**WHAT YOU ARE ASKED TO DO**
Transcribe all of the records word for word, please, omitting the pictures.
[TASK DATA]
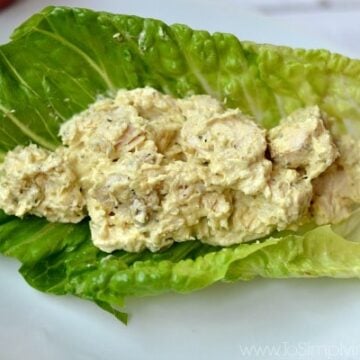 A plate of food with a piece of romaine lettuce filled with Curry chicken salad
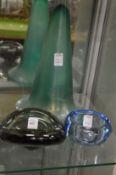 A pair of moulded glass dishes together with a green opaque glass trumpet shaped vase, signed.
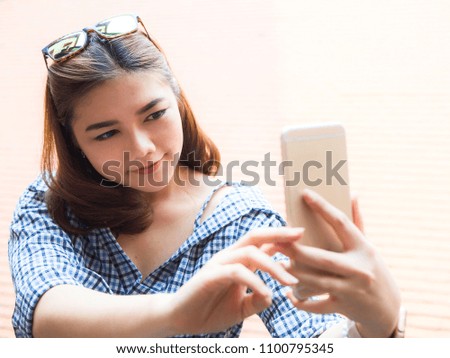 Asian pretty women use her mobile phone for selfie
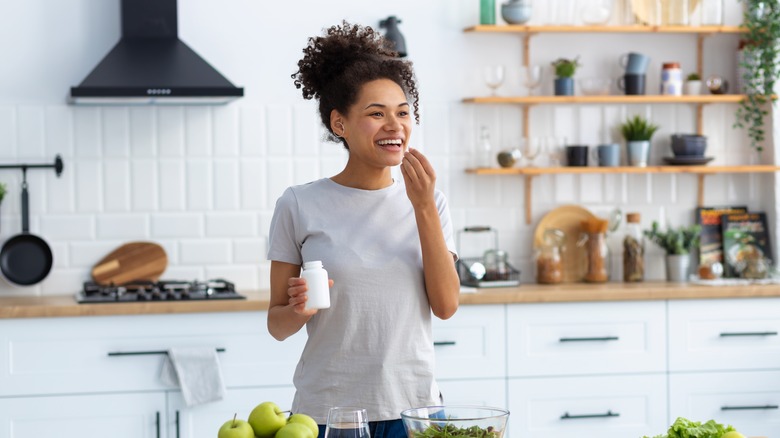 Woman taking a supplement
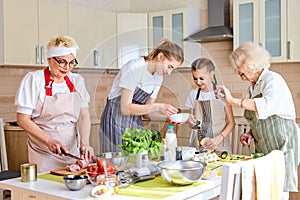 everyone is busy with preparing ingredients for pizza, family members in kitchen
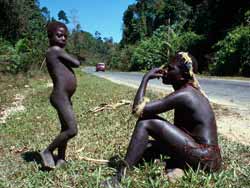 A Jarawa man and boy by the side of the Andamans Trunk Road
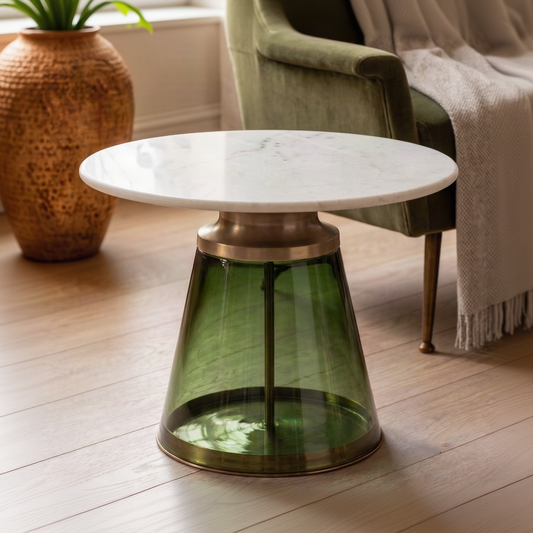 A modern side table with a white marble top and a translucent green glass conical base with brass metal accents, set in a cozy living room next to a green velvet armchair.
[/TASK DATA]
**EXERCISE RESPONSE**
 A plate of food with a piece of romaine lettuce filled with Curry chicken salad
 A pair of moulded glass dishes together with a green opaque glass trumpet shaped vase, signed.
 Asian pretty women use her mobile phone for selfie
 Woman taking a supplement
 everyone is busy with preparing ingredients for pizza, family members in kitchen
 A Jarawa man and boy by the side of the Andamans Trunk Road
 A modern side table with a white marble top and a translucent green glass conical base with brass metal accents, set in a cozy living room next to a green velvet armchair.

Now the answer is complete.